#### [Exercise description]
Repeat the lines from the line with "thumbnail image 1" to the line with "Carla Tummy Control" in the listing below, keeping both end lines and adding nothing.

[Start of section]

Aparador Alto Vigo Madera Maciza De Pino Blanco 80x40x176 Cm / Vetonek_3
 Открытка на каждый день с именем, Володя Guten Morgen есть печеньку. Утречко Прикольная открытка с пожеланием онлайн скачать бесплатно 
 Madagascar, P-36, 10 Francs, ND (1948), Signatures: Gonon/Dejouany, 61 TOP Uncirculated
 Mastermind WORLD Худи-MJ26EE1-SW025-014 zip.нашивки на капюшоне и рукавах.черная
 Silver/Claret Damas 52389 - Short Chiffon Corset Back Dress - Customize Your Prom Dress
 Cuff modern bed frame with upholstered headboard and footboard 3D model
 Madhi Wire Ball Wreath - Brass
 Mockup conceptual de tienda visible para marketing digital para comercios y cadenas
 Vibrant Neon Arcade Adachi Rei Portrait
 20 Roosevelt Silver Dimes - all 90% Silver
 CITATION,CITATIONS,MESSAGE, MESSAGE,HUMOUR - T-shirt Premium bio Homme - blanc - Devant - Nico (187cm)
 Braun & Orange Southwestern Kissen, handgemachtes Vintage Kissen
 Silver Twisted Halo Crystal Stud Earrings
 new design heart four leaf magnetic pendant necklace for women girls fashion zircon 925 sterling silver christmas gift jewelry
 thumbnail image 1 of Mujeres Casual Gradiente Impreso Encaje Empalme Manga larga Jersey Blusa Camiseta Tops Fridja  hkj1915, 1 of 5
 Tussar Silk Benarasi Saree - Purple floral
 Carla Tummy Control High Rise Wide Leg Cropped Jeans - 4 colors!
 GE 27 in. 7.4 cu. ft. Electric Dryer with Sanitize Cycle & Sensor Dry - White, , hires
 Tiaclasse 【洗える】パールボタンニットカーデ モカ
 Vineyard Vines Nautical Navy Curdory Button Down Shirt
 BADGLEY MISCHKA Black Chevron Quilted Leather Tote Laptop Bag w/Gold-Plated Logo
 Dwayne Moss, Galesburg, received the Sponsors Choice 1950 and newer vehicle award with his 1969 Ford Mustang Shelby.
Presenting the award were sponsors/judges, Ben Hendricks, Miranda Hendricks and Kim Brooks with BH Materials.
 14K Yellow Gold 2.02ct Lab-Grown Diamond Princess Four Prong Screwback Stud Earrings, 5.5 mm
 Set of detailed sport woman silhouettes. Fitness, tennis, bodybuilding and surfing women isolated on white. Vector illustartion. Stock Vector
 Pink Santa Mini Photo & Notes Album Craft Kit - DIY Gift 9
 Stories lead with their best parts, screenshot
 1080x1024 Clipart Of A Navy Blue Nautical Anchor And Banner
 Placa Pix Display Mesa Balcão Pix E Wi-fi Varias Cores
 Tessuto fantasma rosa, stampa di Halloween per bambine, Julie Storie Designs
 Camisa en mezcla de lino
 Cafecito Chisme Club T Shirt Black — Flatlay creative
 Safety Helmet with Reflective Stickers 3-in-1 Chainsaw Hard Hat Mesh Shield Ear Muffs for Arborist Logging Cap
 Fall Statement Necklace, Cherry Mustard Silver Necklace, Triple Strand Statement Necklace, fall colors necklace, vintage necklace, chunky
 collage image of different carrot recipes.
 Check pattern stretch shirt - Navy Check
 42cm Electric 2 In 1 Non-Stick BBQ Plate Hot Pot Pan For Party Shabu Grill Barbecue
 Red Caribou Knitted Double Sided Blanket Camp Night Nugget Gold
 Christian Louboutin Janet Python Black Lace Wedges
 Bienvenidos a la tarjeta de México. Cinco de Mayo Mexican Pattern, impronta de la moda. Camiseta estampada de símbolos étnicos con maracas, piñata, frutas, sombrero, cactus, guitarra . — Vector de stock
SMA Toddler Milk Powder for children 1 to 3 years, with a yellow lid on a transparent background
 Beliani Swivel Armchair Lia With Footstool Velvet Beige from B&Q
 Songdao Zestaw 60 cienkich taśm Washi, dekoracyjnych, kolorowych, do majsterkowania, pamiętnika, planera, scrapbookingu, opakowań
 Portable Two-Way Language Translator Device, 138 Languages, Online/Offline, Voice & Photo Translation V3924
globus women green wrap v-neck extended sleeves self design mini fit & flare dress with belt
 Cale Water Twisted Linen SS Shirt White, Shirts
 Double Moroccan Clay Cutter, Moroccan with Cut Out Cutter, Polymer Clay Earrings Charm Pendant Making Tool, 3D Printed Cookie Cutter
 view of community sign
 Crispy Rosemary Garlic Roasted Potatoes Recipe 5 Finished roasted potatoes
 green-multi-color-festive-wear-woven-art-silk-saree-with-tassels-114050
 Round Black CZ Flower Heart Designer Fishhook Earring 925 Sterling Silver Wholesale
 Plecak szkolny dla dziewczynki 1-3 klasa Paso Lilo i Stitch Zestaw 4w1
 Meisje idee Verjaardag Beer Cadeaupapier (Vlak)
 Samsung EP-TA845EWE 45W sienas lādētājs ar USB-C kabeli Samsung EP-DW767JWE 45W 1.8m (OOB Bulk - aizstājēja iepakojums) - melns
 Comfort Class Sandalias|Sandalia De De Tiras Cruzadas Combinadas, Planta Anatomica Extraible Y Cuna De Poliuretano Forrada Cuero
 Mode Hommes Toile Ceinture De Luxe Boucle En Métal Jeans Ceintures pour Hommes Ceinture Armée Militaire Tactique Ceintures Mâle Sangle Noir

[End of section]

#### [Problem solution]
 thumbnail image 1 of Mujeres Casual Gradiente Impreso Encaje Empalme Manga larga Jersey Blusa Camiseta Tops Fridja  hkj1915, 1 of 5
 Tussar Silk Benarasi Saree - Purple floral
 Carla Tummy Control High Rise Wide Leg Cropped Jeans - 4 colors!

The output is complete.